I. — Le traité de Saint-Maur

(Chapitre IV)

Il parait ressortir du texte du traité de Saint-Maur, malgré l'ambigüité des termes, que les ambassadeurs du Dauphin étaient tombés d'accord avec les représentants de la partie adverse sur les termes de la convention : Et finablement sont choux et condescendus d'un commun accord en certains points et articles. (Ordonnance., t. X, p. 474.) — Les Registres du Parlement, à la date du 16 septembre 1418, contiennent la mention suivante : Ce jour la Royne, les ducs de Bourgoigne, de Bretaigne, d'Anjou et d'Alençon, les ambassadeurs et conseillers de monseigneur le Dauphin, et autres plusieurs du conseil du Roy, furent assemblez ou chastel du Bois de Vincennes pour conclure un traictié qui avoir esté pourparlé entre eulx par plusieurs journées... Et prindrent oudit traictié certaines conclusions et advis agreables à tous les dessusdis, lesquelles conclusions devoient estre rapportées au Roy et à monseigneur le Daulphin pour ratifier, enteriner et accomplir tout ce qui avoit esté conclud et traictié par les dessusdis seigneurs, ambassadeurs et conseillers. (Archives, X1a 1480, f. 147.) — Monstrelet dit aussi : Firent un traictié avec les gens du Daulphin qui y estoient, par le moien desdiz cardinaulx, lequel sembloit estre bon et proufiltable pour toutes les parties (t. I, p. 288). Mais le Fèvre de Saint-Remy, qui suit de si près Monstrelet, ne parle pas de la présence des ambassadeurs du Dauphin (t. I, p. 336). Le Religieux de Saint-Denis, lui, dit formellement que les conditions, rédigées à l'avance par le conseil royal, furent remises par écrit au duc de Bretagne, et il présente le traité comme un projet concerté entre les fondés de pouvoirs du Roi et de la Reine, le duc de Bourgogne et le duc de Bretagne. Les témoignages de Saint-Remy et du Religieux — tous les deux bourguignons — font déjà naître des doutes.

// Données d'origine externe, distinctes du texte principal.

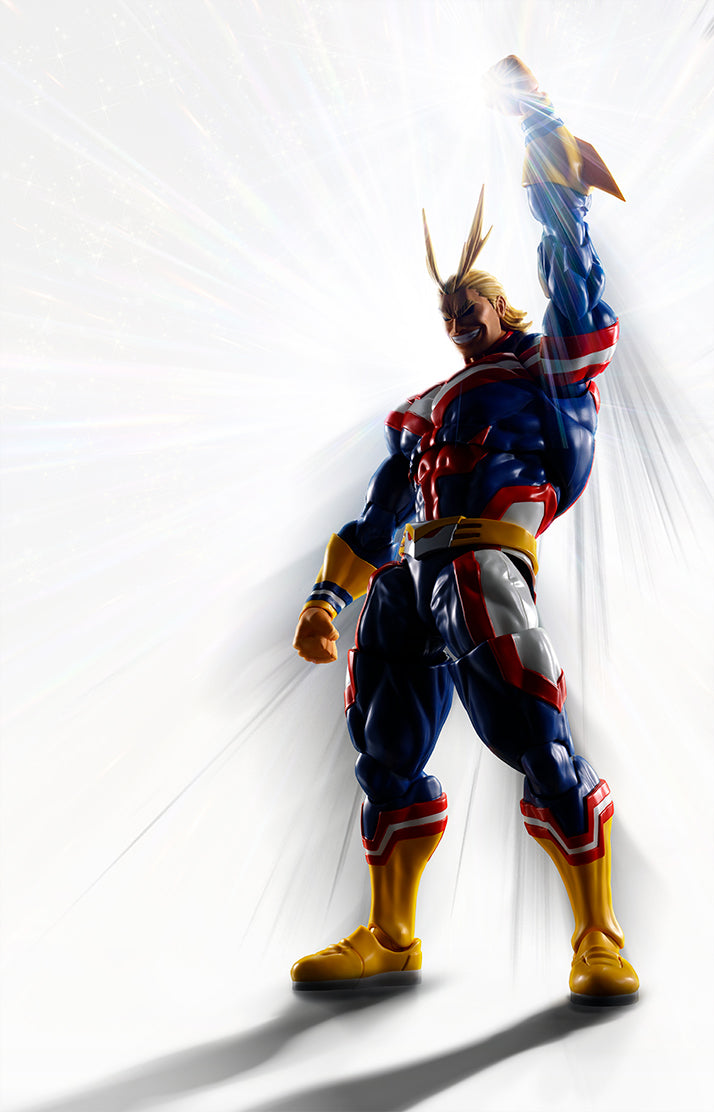 My Hero Academia S.H.Figuarts - All Might [Pre-Order Oct 2026]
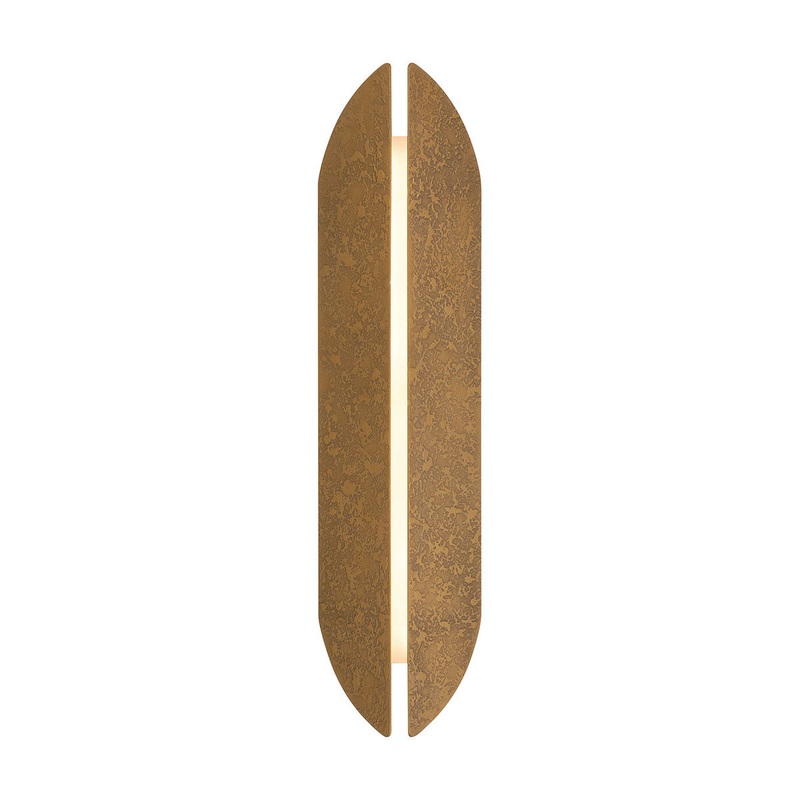 Inntra 24″ Outdoor Wall Mount Brass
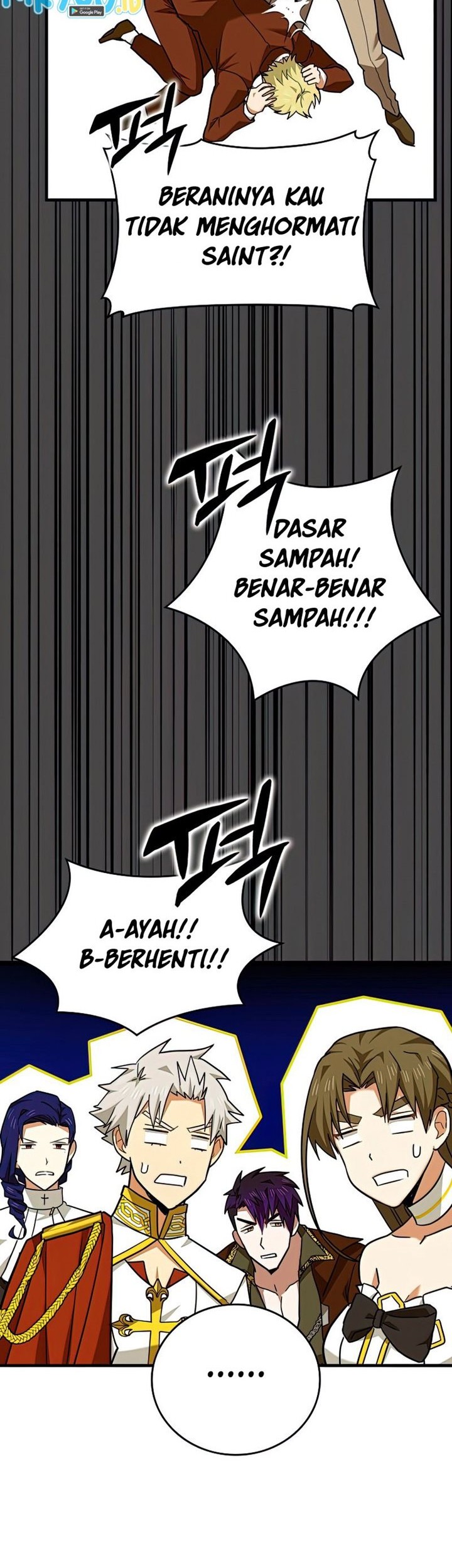 To Hell With Being a Saint, I’m a Doctor Chapter 37 - halaman 55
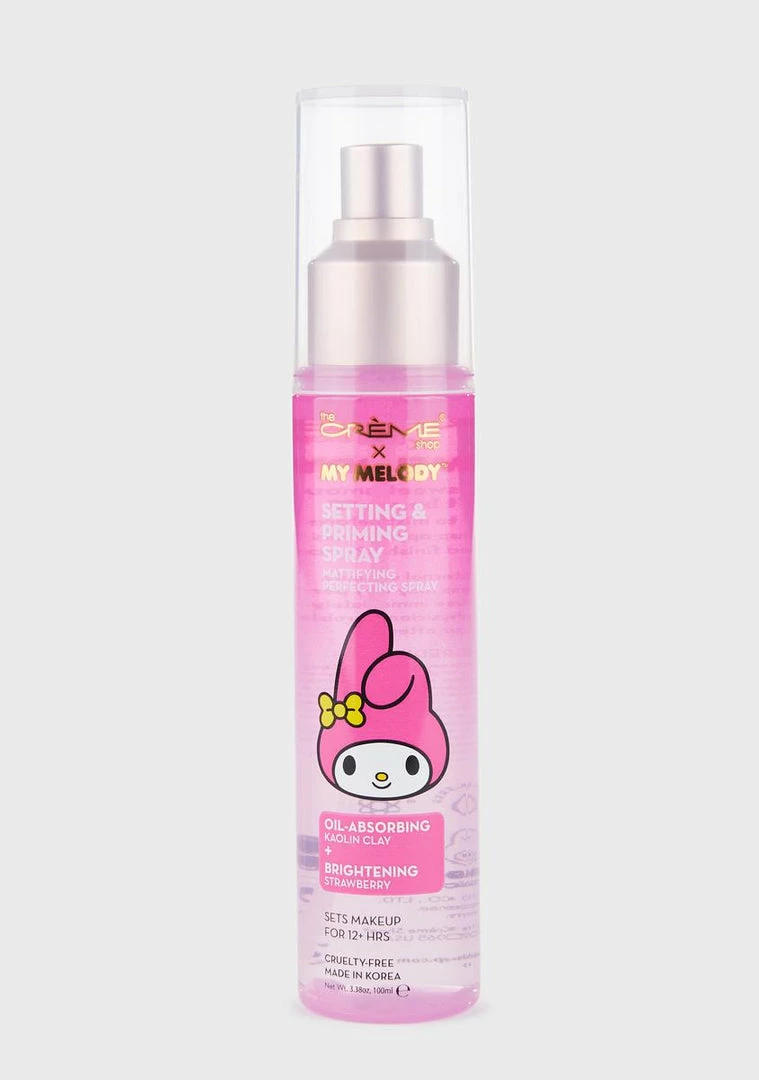 Best deal π― The Creme Shop Toners & Mists X My Melody Setting & Priming Spray π 1 The Creme Shop Toners & Mists X My Melody Setting & Priming Spray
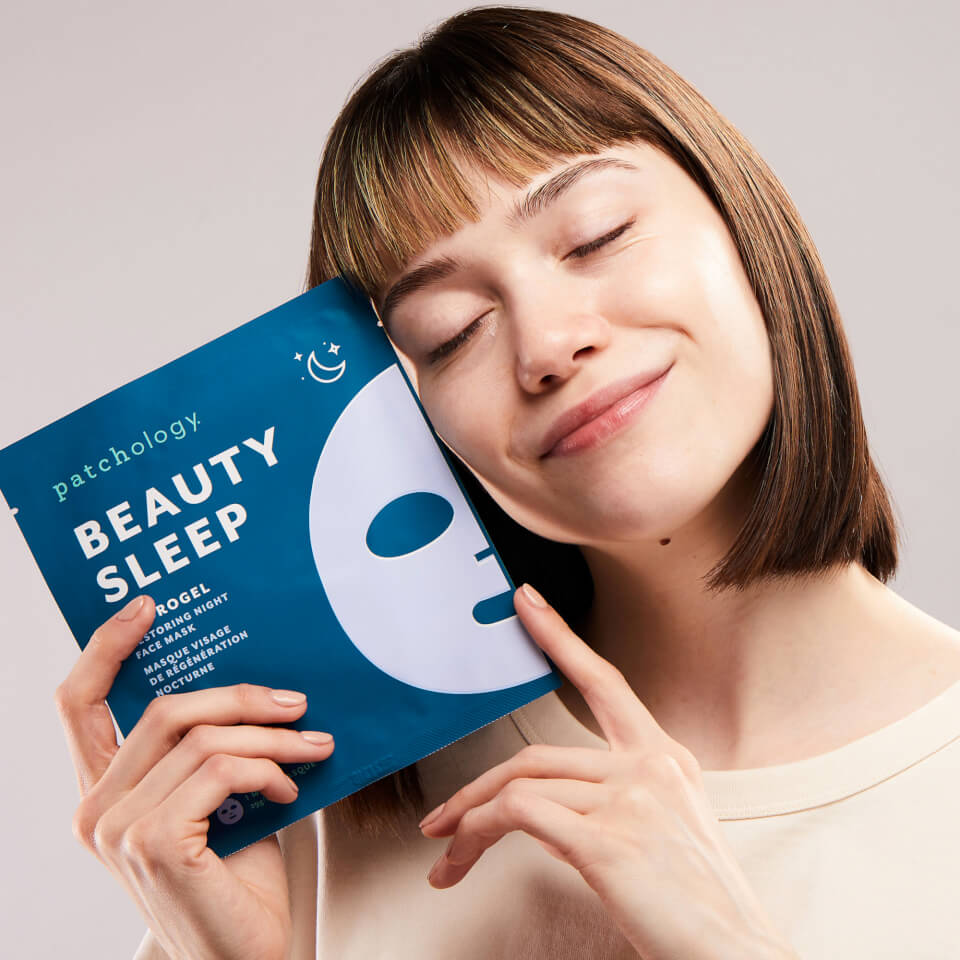 Patchology Beauty Sleep Restoring Night Hydrogel Mask 29g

Si nous consultons les auteurs du parti opposé, Jouvenel nous dit : Et y eut des articles faits et comme accordes (p. 355). Quant à Cousinot, il est plus explicite ; il dit formellement : Sans le consentement des quelz messages, ne aucune chose appointer en leur presense, fut illec la paix criée et à Paris (p. 174). Et la chancellerie du Dauphin, dans des documents que l'histoire n'a point utilisés jusqu'ici, contient la même affirmation, après laquelle le doute ne nous parait plus permis : A laquelle convention nos diz ambaxeurs n'ont esté..... Et toutes voyer nos diz ambaxeurs n'y ont esté ouys ni appelez, comme il apert par les lettres qu'ilz nous ont escriptes sur ce. (Lettre du Dauphin, en date du 29 septembre, adressée aux gouverneur et gens du Dauphiné, éditée par Mlle Dupont, dans son édition de Pierre de Fenin, p. 272-73.)Et soit avenu que, à une assemblée faicte à Saint Mor des Fossez, ceulz de Paris baillèrent une cedule en effect contraire aux articles dessus diz, laquelle fu en la dicte assemblée accordée sans y appeler ne oïr nos ambaxeurs..... ainsi qu'ilz nous ont dit et rapporté. (Lettre du Dauphin, en date du 14 octobre, adressée aux habitants de Lyon. Archives de Lyon, AA 22, fol. 25). — Pour ce que nous ne savons se vous avez eu nozlettres, nous vous escripvons de rechief ces presentes, et vous certifiions que à icelle paix, que nous desirions moult, nous avions envoyé ambaxadeurs ; mais, eu vérité, ils n'y furent oncques oys ne appelles. (Autre lettre du 31 octobre, aux mêmes. Id., ibid., fol. 23.)

 

II. — Le titre de Régent

(Chapitre IV)

M. Vallet de Viriville pense (Histoire de Charles VII, t. I, p. 135) que Charles prit le titre de régent dès le 26 octobre 1418, et il invoque, à l'appui de son opinion, un acte de cette date, émané de Henri V, et dont voici les termes : Cum illustris et potens princeps consanguineus noster carissimus et adversarii Franciæ Dauphinus de Vienna, regens Franciæ ut dicitur..... (Rymer, t. IV. part. III, p. 67.) M. Pardessus prétend, au contraire (Table chronologique des Ordonnances, 1847, p. 340, note 1), que les lettres du 21 août 1419 sont le premier document dans lequel Charles Dauphin ait pris la qualité.de régent ; jusqu'alors, d'après ce savant, Charles aurait agi comme lieutenant général. Entre ces deux assertions, quelle est la vérité ? C'est ce qu'il faut examiner.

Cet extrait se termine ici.